Eserde açık ve kapalı mekanlar kullanılmıştır. Bu mekanların betimlenmesinde beş duyuyu devindirecek bir biçem kullanılmıştır. Faşizmin kötülüğünü aktaran eser bunu parmak sallayarak ya da ideolojik tartışmalara girerek didaktik bir biçimde değil somut yaşam durumlarından hareketle aktarmıştır. İletiyi destekleyen bir başka durum da metni okuyan okura, okudukları yerler ve olaylarla ilgili araştırma esini vermesidir. İleti örtük, çoğaltılabilir, esin verici bir biçimde aktarılmıştır.
Çocuk edebiyatında savaş ve şiddet ögeleri olabilir. Önemli olan bu ögelerin özendirilmeden ya da meşrulaştırılmadan aktarılmasıdır. Bu kitabı okuyan geleceğin yetişkini çocuklar da ileride hiçbir çocuğu sormadan ve ne uğruna yaptığını düşünmeden yaşam alanından koparmayacak ve kendilerinden önceki yetişkinlerin düştüğü savaş hatasına düşmeyecektir.
KAYNAKÇA
Sever, Sedat (2008) Çocuk ve Edebiyat, Tudem Yayımları, Ankara.

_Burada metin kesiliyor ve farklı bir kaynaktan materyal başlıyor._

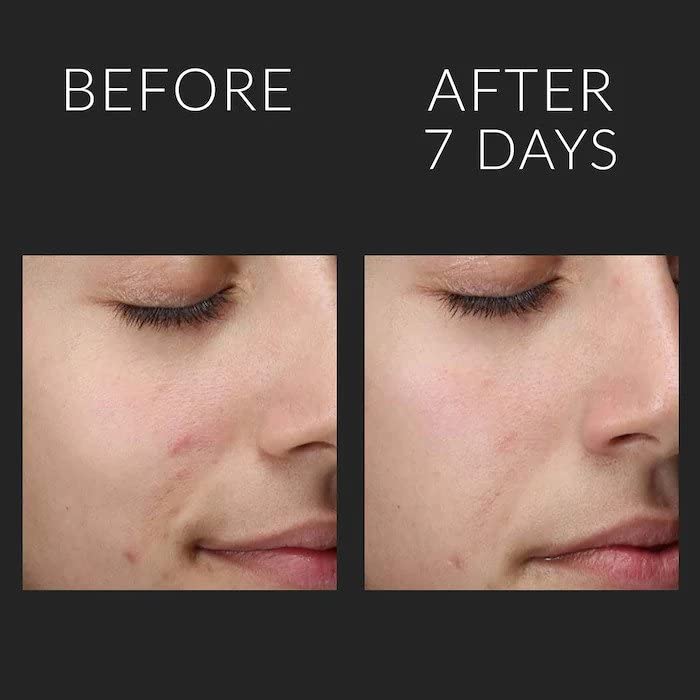 Kate Somerville Liquid ExfoliKate Triple Acid Resurfacing Treatment 120ml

Sever, Sedat (2015) Çocuk Edebiyatı ve Okuma Kültürü, Tudem Yayınları, Ankara.
Bu girdi, Ankara Üniversitesi’nde Prof. Dr. Sedat SEVER’in Türkçe Eğitimi Doktora programında yürütmüş olduğu Öğretici ve Yazınsal Metin İncelemeleri dersi için hazırlamış olduğum incelemenin sonuç bölümüdür. Bu dersten çıkardığım sonuç puanlama sistemini de değiştirmem gerektiğidir ama onu da zaman bulunca yaparım artık sevgili okur.